» **What is expected**
An exact copy of the lines from the one containing "this 394×700 image." through the end of the material is all that is wanted; transcribe only those.
----------
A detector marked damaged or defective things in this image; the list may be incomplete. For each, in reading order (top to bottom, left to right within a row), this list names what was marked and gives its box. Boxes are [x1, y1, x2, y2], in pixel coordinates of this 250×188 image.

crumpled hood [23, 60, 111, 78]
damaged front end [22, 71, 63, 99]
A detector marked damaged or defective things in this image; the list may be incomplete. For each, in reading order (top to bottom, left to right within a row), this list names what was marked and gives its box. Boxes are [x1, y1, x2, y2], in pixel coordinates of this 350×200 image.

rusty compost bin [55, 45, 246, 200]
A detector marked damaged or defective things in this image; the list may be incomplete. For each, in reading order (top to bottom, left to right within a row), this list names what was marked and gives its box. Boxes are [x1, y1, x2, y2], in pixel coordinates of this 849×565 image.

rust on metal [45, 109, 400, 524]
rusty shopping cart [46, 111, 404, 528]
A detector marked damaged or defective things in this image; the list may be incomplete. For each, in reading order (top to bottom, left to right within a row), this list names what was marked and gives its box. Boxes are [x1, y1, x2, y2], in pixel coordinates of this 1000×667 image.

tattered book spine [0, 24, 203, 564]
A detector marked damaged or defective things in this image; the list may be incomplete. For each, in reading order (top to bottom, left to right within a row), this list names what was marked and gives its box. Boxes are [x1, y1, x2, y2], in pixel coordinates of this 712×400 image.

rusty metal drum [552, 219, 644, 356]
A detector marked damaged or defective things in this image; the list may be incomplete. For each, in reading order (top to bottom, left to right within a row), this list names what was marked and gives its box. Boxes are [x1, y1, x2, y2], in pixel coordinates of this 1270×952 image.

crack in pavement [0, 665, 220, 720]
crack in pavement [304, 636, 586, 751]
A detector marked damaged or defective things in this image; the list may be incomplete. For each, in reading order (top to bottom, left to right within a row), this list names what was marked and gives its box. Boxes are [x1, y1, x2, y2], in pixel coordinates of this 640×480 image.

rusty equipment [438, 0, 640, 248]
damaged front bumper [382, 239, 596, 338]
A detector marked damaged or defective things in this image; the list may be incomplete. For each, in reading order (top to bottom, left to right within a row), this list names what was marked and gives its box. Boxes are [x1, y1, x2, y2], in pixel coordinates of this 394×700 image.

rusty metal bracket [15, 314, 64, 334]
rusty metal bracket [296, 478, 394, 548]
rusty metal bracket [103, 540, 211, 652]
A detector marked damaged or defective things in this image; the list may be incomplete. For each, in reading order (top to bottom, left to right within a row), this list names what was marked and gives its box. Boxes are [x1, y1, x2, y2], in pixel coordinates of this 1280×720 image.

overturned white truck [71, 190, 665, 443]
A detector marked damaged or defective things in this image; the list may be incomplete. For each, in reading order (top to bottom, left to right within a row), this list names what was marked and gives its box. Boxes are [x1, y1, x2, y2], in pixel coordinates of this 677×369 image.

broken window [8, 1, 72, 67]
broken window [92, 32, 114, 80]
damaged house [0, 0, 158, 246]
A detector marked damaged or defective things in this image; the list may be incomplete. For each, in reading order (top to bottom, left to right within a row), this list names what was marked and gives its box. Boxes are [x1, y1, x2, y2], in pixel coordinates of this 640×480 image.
----------
» **Answer for the task**
A detector marked damaged or defective things in this image; the list may be incomplete. For each, in reading order (top to bottom, left to right within a row), this list names what was marked and gives its box. Boxes are [x1, y1, x2, y2], in pixel coordinates of this 394×700 image.

rusty metal bracket [15, 314, 64, 334]
rusty metal bracket [296, 478, 394, 548]
rusty metal bracket [103, 540, 211, 652]
A detector marked damaged or defective things in this image; the list may be incomplete. For each, in reading order (top to bottom, left to right within a row), this list names what was marked and gives its box. Boxes are [x1, y1, x2, y2], in pixel coordinates of this 1280×720 image.

overturned white truck [71, 190, 665, 443]
A detector marked damaged or defective things in this image; the list may be incomplete. For each, in reading order (top to bottom, left to right within a row), this list names what was marked and gives its box. Boxes are [x1, y1, x2, y2], in pixel coordinates of this 677×369 image.

broken window [8, 1, 72, 67]
broken window [92, 32, 114, 80]
damaged house [0, 0, 158, 246]
A detector marked damaged or defective things in this image; the list may be incomplete. For each, in reading order (top to bottom, left to right within a row), this list names what was marked and gives its box. Boxes are [x1, y1, x2, y2], in pixel coordinates of this 640×480 image.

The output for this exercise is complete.